- Other names: Pégot-Cruveilhier–Baumgarten disease
- Specialty: Hepatology
- Named after: Jean Cruveilhier; Paul Clemens von Baumgarten;

= Cruveilhier–Baumgarten disease =

Cruveilhier–Baumgarten disease or Pégot-Cruveilhier–Baumgarten disease is a rare medical condition in which the umbilical or paraumbilical veins are distended, with an abdominal wall bruit (the Cruveilhier-Baumgarten bruit) and palpable thrill, portal hypertension with splenomegaly, hypersplenism and oesophageal varices, with a normal or small liver.

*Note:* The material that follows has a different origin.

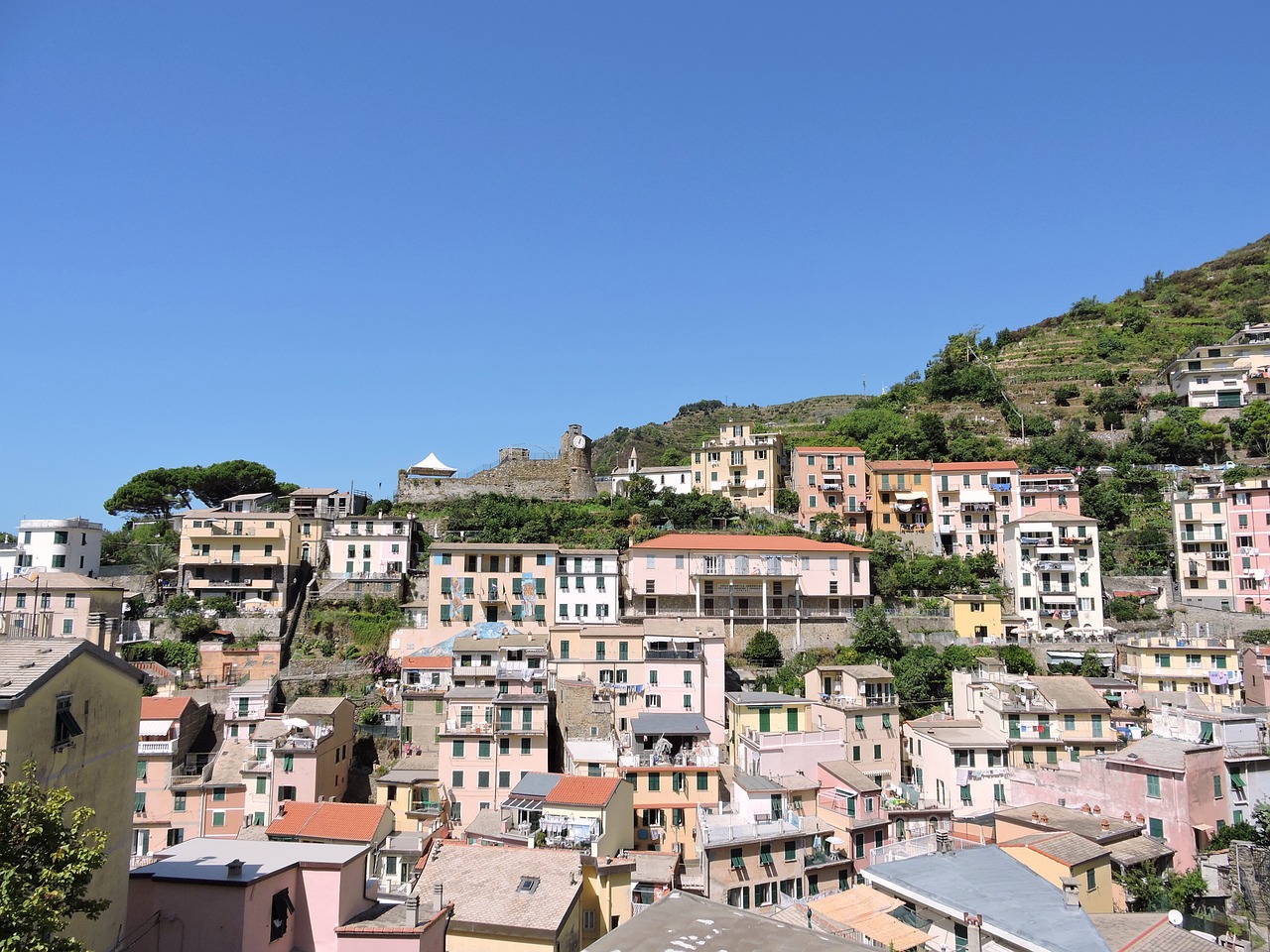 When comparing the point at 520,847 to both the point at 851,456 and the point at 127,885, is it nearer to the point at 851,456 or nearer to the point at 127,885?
the point at 127,885

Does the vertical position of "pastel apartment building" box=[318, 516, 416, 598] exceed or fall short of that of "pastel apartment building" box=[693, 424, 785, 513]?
it falls short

The presence of the Cruveilhier-Baumgarten venous hum is highly suggestive of portal hypertension, and is never a normal physical examination finding.

It was first described by Pégot in 1833, and then by Jean Cruveilhier (1835) and Paul Clemens von Baumgarten (1907).

Armstrong et al. (1942) and Steinburg and Galambos (1967) described two different types of the condition:

- Cruveilhier–Baumgarten syndrome: liver cirrhosis or portal hypertension is the cause of the distension of the paraumbilical veins (i.e. an acquired condition in which the veins reopen due to high portal pressure).

- Cruveilhier–Baumgarten disease: the distension of the paraumbilical veins is due to failure of umbilical vein closure, with little or no evidence of liver disease found on liver biopsy (i.e. a congenital patency of the umbilical vein leading to portal hypertension).

==Signs and symptoms==
Symptoms of Cruveilhier–Baumgarten disease include the manifestation of a venous hum at the para-umbilical circulation site, often accompanied by a thrill, splenomegaly, atrophy of the liver, portal hypertension, and prominent para-umbilical veins.